This is an announcement only post, do subscribe to this blog feed or on to as I’d be making more detailed posts on these topics as we get close to handing over these bits to our developer customers.

ARM processors support SIMD (Single Instructions Multiple Data) instructions through the ARM® NEON™technology that is available on ARMV7 ISA. SIMD allows parallelization/HW-acceleration of some operations and hence performance gains. Since the Windows Phone 7 chassis specification requires ARMV7-A; NEON is available by default on all WP7 devices. However, the CLR on Windows Phone 7 (NETCF) did not utilize this hardware functionality and hence it was not available to the managed application developers. We just announced in MIX11 that in the next version of Windows Phone release the NETCF runtime JIT will utilize SIMD capabilities on the phones.

What it means to the developers

Certain operations on some XNA types will be accelerated using the NEON/SIMD extensions available on the phone. Examples include operations on Vector2, Vector3, Vector4, Matrix from the Microsoft.Xna.Framework namespace will get this acceleration. NOTE: At the point the exact types and the exact operations on them are not closed yet and subject to change. Do note that user types will not get this acceleration. E.g. if you have rolled out your own vector type and use say dot operations on it, the CLR will not accelerate them. This is a targeted acceleration for some XNA types and not a vectorizing JIT compiler feature.
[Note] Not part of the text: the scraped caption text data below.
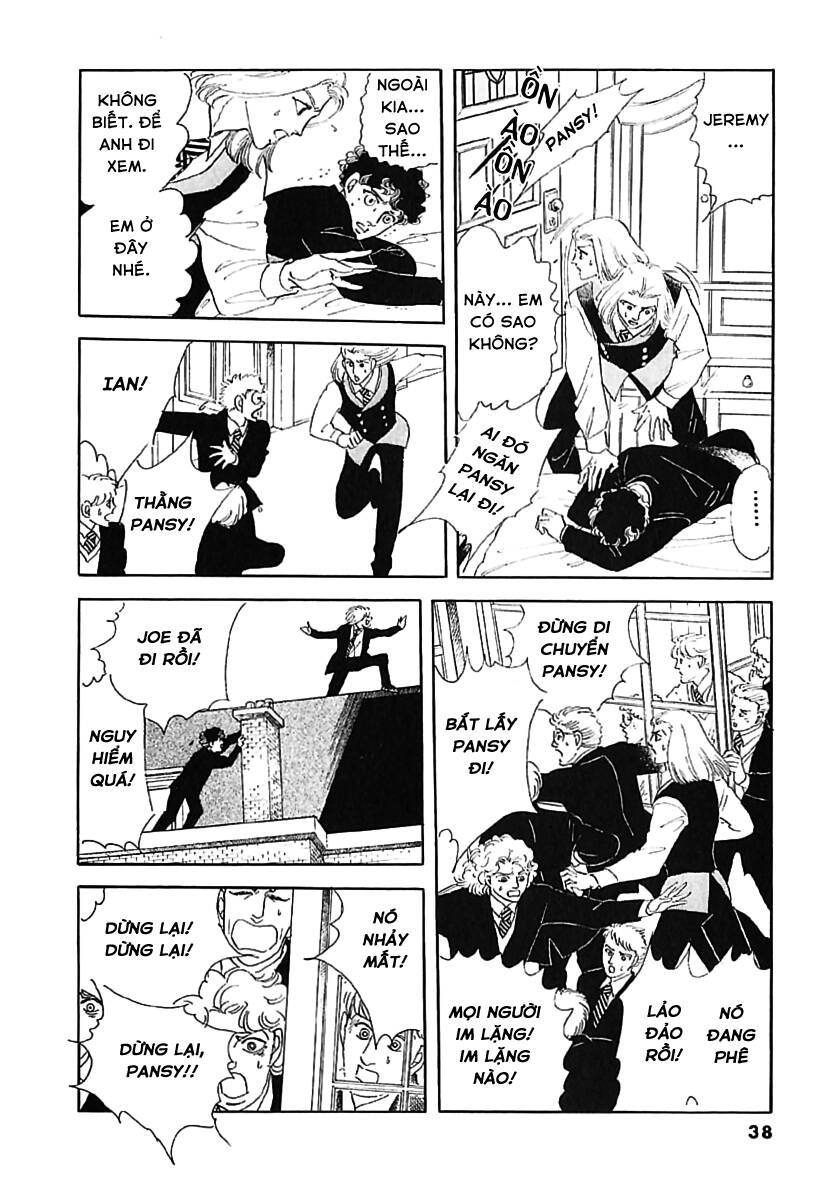 Ngự Trị Ta, Vị Chúa Tàn Bạo - Zankoku Na Kami Ga Shihaisuru Chap 18 - Next Chap 19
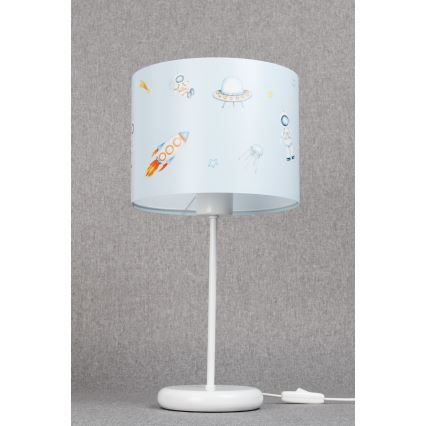 Παιδική επιτραπέζια λάμπα SWEET DREAMS 1xE27/60W/230V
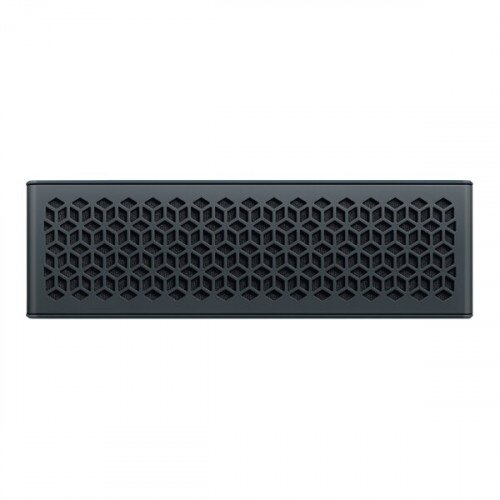 Creative Labs Creative MUVO mini Portable Water-resistant Wireless Speaker - Black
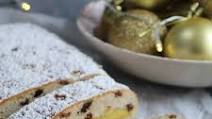 Gluten Free Stollen Gluten Free Stollen
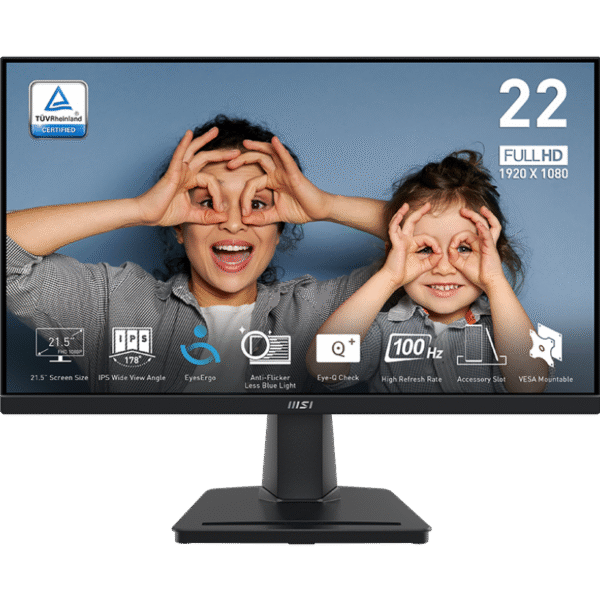 MSI Monitor PRO MP225
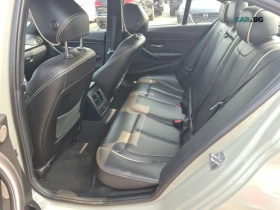 BMW 340 xDrive * M Pack * HUD * АвтоКредит * (ЦЕНА ДО БГ), снимка 11
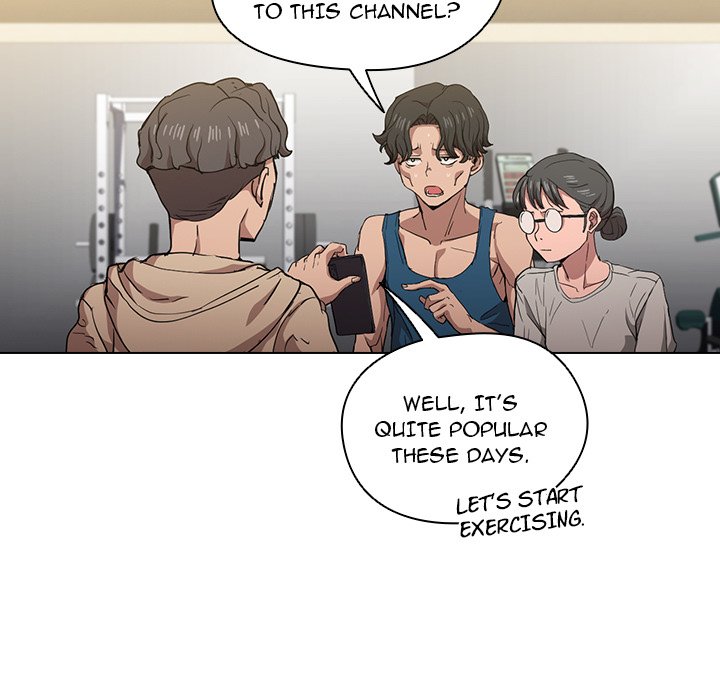 Who Cares If I'm a Loser! - episode 22 - 17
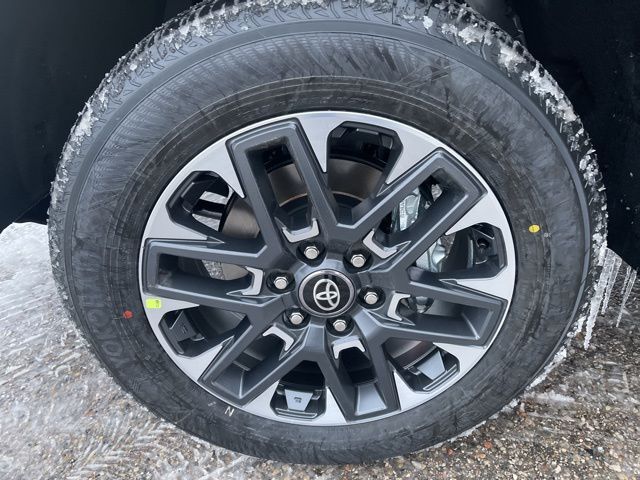 2026 Toyota Tundra Limited CrewMax 4WD San Clemente CA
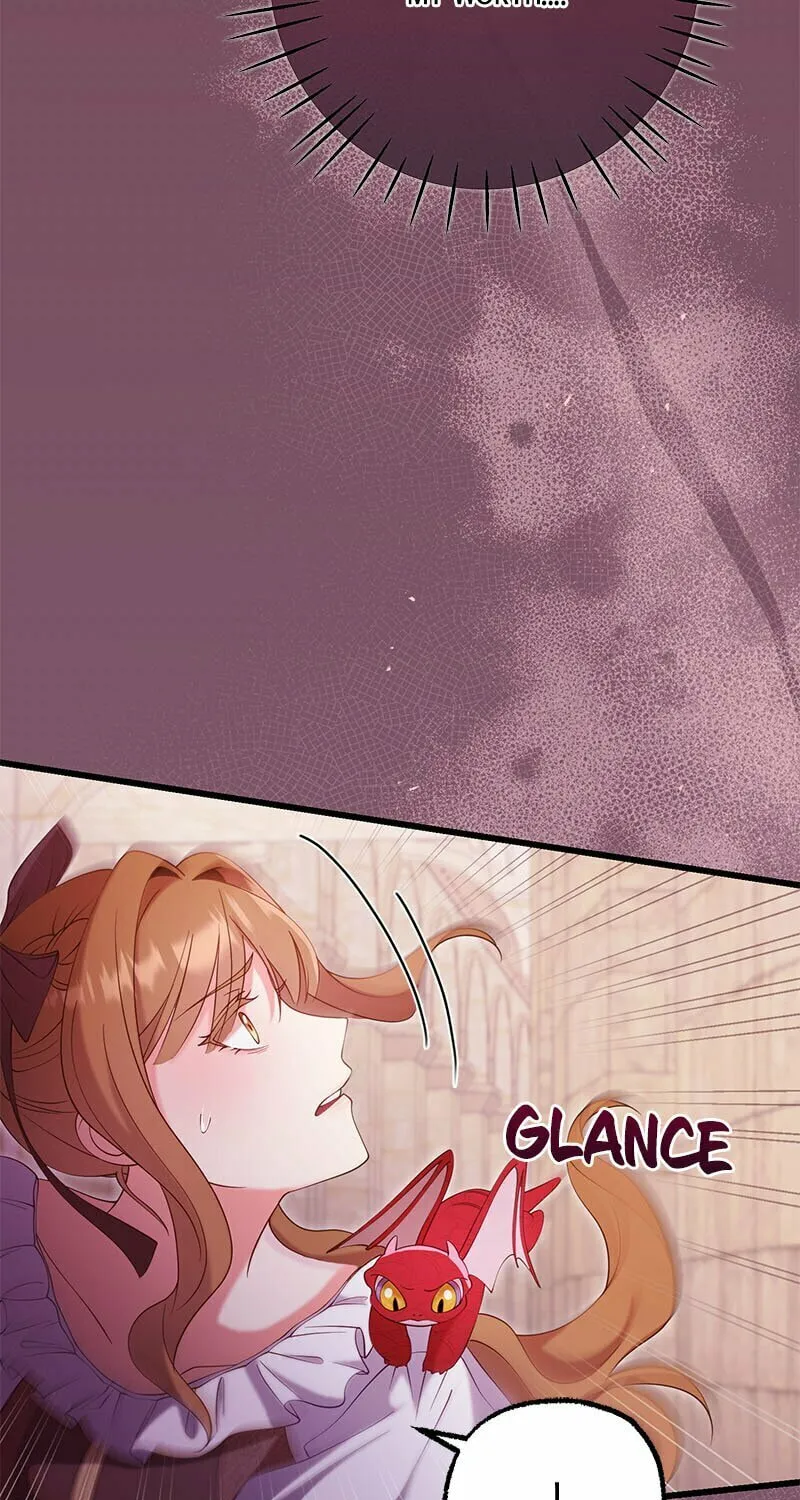 The Murdered Princess Got a Job as a Treasonous Agent Chapter 10 page 70 - 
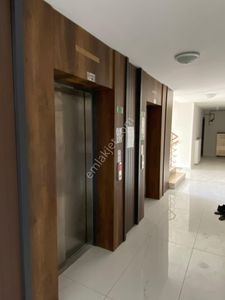 Ağaçlı Tesisleri/özeller Petrol Arkası Eşyalı 1+1 Kiralık Daire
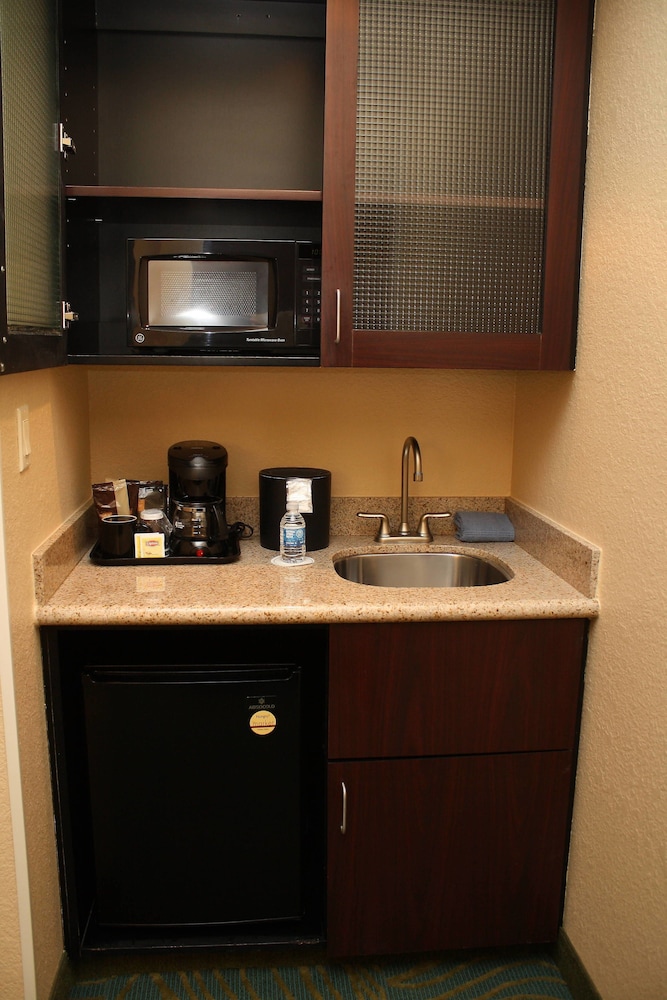 Springhill Suites by Marriott Morgantown 31/42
Apps and types heavily using these XNA types (our research shows a lot of games do) will see good performance gain. For example we took this Fluid simulation sample from a team (note this was not written specifically for us to demo) and saw huge gains because it heavily uses Matrix and Vector operations to simulate fluid particles and the forces that work in between them. Frame rates shot up from 18fps to 29fps on the very same device.

Based on the usage of these types and operations in your app you’d see varying amounts of gains. However, this feature should be a good motivation to move to these XNA types.

How does SIMD work

SIMD as the name suggests can process the same operation on multiple data in parallel.

Consider the following Vector addition

public static Vector2 Add(Vector2 value1, Vector2 value2)
    Vector2 vector;
    vector.X = value1.X + value2.X;
    vector.Y = value1.Y + value2.Y;
    return vector;

If you see the two lines in blue it’s essentially doing the same addition operation on two data sets and putting the result in two other locations. This today will be performed sequentially. Where the JITer will emit processor instructions to load the X values in registers, add them, store them, and then do the same thing again for the Y values. However, this is inherently parallelizable and the ARM NEON provides an easy way to load such values (vpop, vldr) in single instructions and use a single VADD NEON instruction to add the values in parallel.

A way to visualize that is as follows


A single instruction both X1 and Y1 is loaded, another instruction loads both X2, Y2 and the 3rd in parallel adds them together.